3 Maccabees is entirely unrelated to 1 and 2 Maccabees, except in its general theme, and does not relate to the persecution of Jews in Palestine under Antiochus IV; rather, it relates the story of a persecution of Jews in Egypt under Ptolemy IV Philopator (221-203 BCE). For this reason scholars are uncomfortable with the traditional title of the book since it miseleadingly suggests that its contents are connected to and a continuation of the materials found in 1 and 2 Maccabees. It should be read by modern students of the text as an independent writing.
1:1-2:24 Philopator’s attempted entry into the Temple and its defilement is not realized because of divine punishment.
2:25-30 In an act of revenge, Philopator punishes the Jews of Egypt.
2:31-4:21 In advancement of his plan he assembles all the Jews in Alexandria.
4:22- 6:21 His various plans foiled, Philopator hatches another scheme to kill the Jews, and it too fails due to divine providence.
6:22- 7:23 The king has a change of heart and the Jews who had collaborated with him are killed.
Date and authorship
The author was, in all likelihood, a well educated Jew (his Greek is superb) living in Alexandria itself. The book was composed between the last decades of the 1st century BCE and 70 CE. There are strong resemblances between its story and that of the book of Esther, especially in its Greek version, but it is uncertain whether there is any direct literary connection.
The story is largely fictional, with some elements of fantasy.
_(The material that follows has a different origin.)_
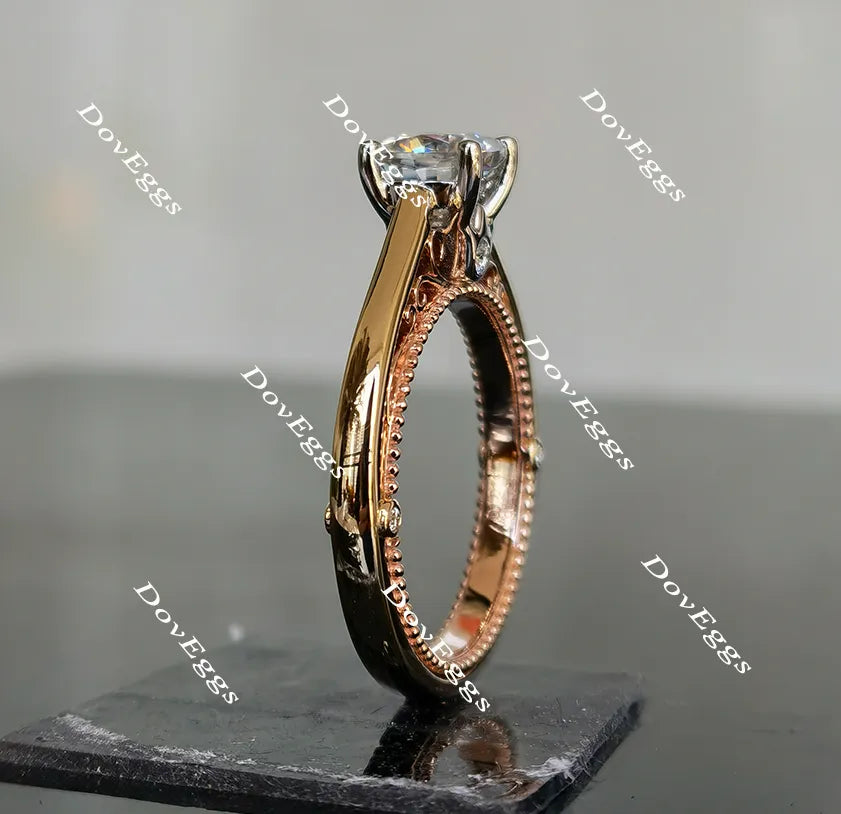 DovEggs vintage cushion moissanite engagement ring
It lacks the serious semblance of historicity and can be viewed as lacking in historical support or evidence. However, Philip Alexander considers that it refers to a genuine decree of Philopator, which the author has misinterpreted. The main aim of the book is to promote a festival apparently held by the Jews of Egypt every summer; along with this it promotes the ideas that prayer is powerful, providence is real, and those who battle God’s providential plans, particularly in terms of his concern for the Jews, will be divinely punished. The story follows a pattern that appears in several Jewish (and other) writings of the Hellenistic period (3rd to 1st centuries BCE), not only Esther, but 2 Maccabees and a story in Josephus the Jewish historian’s Against Apion.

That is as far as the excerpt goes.